Monday, December 17, 2007
O Natal do meu avô - My grandfather's Christmas
O colo do meu avô era doce. O seu corpo cheirava a terra orvalhada, coentros e favas, e amendoim a estalar quente na boca do forno. O meu avô tinha sabor a massa sovada, pevides de abóbora e melancia, couve beijada pela brisa da madrugada. O meu avô exalava odores de batata nova, tabaco, amoras selvagens e uvas de Setembro.

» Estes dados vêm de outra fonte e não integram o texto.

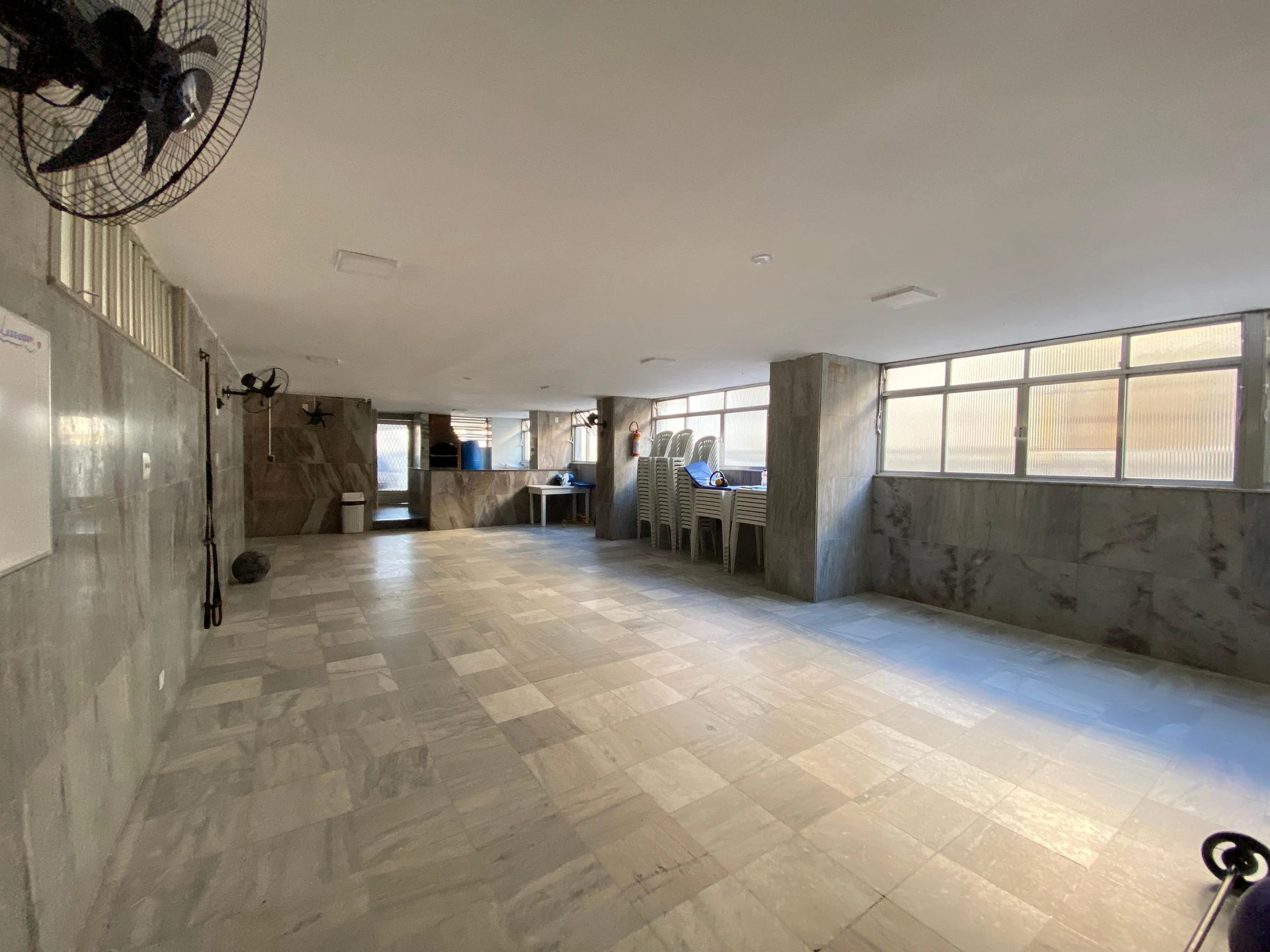 Furnished apartment with 3 bedrooms and 1 parking spot — photo 39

Ele era Verão e Inverno, a amálgama diversa dos sons e emoções de cada estação. Era as festas da aldeia, a fogueira de S. João e o abraço nas noites de trovoada. O meu avô tinha o perfume dos silêncios, do amor sem fala, do carinho sem grandes palavras. E o meu avô tinha o cheiro de Natal: laranjas, tangerinas. Na minha boca e nos meus olhos as ceiras de figos, os licores de anis, o pinheiro enfeitado com os postais que vinham de longe…e o presépio, por onde as mãos enrugadas do meu avô Manuel encaminhavam a minha curiosidade por montes e vales em miniatura cobertos de musgo veludoso e ruas de farelo.

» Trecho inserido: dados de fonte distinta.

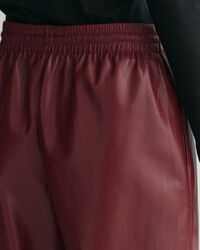 Relaxed Fit Pull-On Hose aus Kunstleder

Aqui a matança do porco. Mais além a procissão da aldeia, a coroação do Espírito Santo, o Império e a loja do Canto da Fonte; a banda de música, o pastor e as ovelhas. Mais ao longe as mulheres junto à fonte, outras que lavam na ribeira. A igrejinha de pedra com as suas portas abertas onde o padre e o alfaiate estão de conversa; os animais no bebedouro e as pequenas ruas num arrendado de farelo e pinho.

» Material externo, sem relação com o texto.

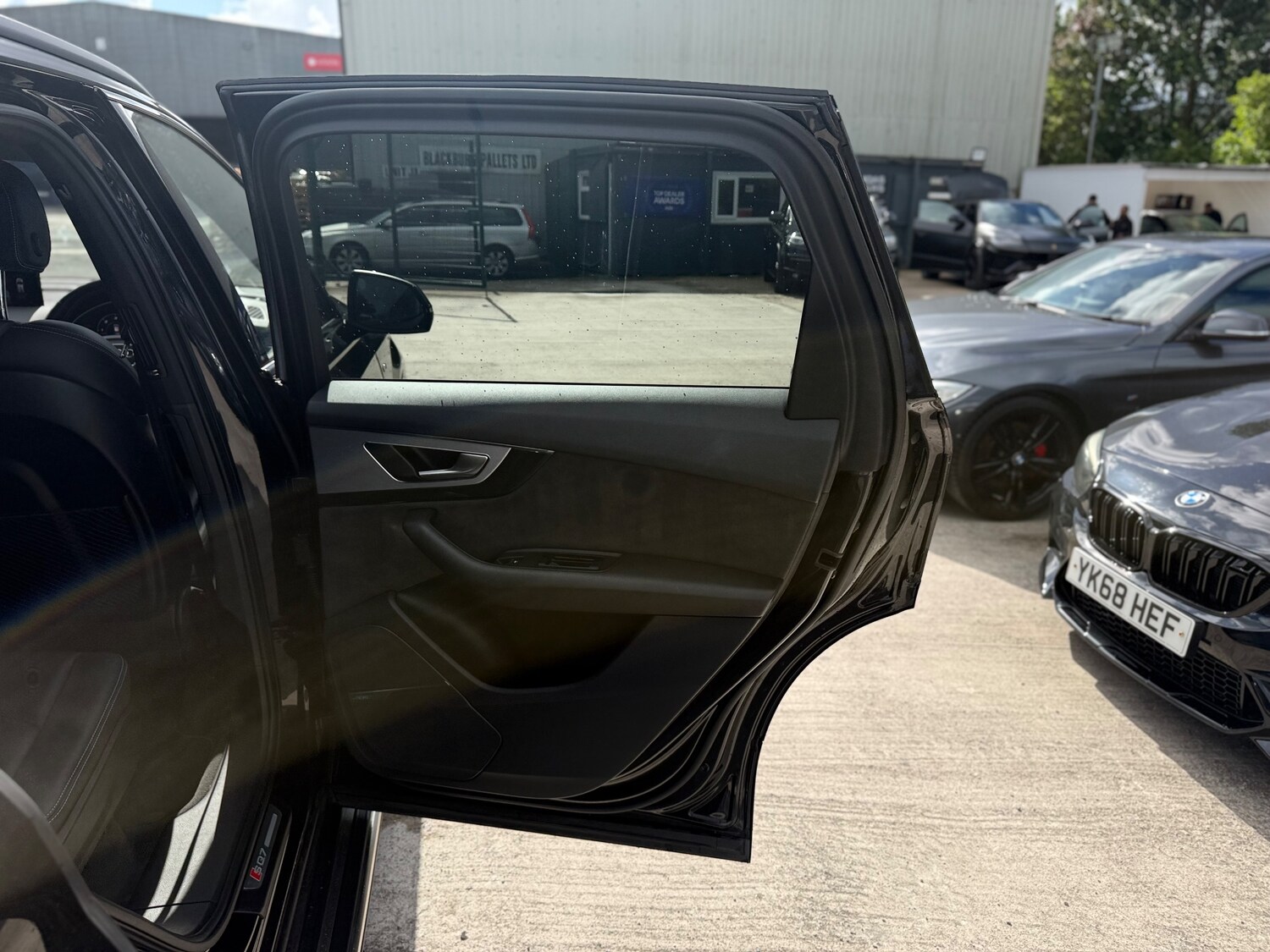 Used Audi SQ7 2016 for sale - 76292898: Photo 62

O candeeiro iluminava a face serena do meu avô junto ao presépio. O cão beijava-lhe as mãos de seda e, o seu olhar perdia-se no intrincado das labaredas, que a lenha alimentava para a fornada de pão de milho e cavala assada.
O vento e a chuva chicoteiam o telhado. "Tu sabes que tenho medo dos céus quando se tornam infernos. Minha avó com as superstições do seu tempo afoga-me de medos. Não devo olhar para o paraíso em fúria, pois Deus pode julgar o meu descaramento e tirar-me da cara os olhos. A afronta é penalizada com a cegueira e depois como poderei ver de novo o carinho nos teus olhos, meu querido avô?
Apagas-me da alma o conflito e ensinas-me a olhar a tempestade com o temor e admiração das coisas belas. Dás-me milho assado e eu provo das tuas mãos honradas. Ensinas-me os sabores dos figos passados e deixas que prove da ‘mijinha do menino”.
Deixei de ter medo "da cara feia do tempo", porque sei que estás aqui, do meu lado com os teus silêncios em guarda, para que o Natal passe por nós no sossego dos justos.
E eu hoje aqui avô, tão longe daquele que por um breve instante foi o nosso tempo, aguardo o teu afago tranquilo e gomos de laranja frescos, que desprendes com destreza para me ofereceres. Aqui longe, somando tantos passos esquecidos e vales que as estradas engoliram, olho a nossa cozinha e os gatos a miar.
"Tás tão rosada, minha avó ao pé deste forno".
A pá enfarinhada despeja a massa redondinha. Lá vai mais um "calzinho" tia Beatriz que a noite está fria?
Minha avó permanece calada, ensopada de suor, absorta no calor que emana do forno. Tem a cara enfarinhada e pouco tempo para a conversa.
Eu e o meu avô vamos juntos à Missa do Galo para beijar os pés nus do Menino Jesus.
Feliz Natal avô Manuel. Obrigado pelas memórias que a pressa deste tempo consome o nosso retrato.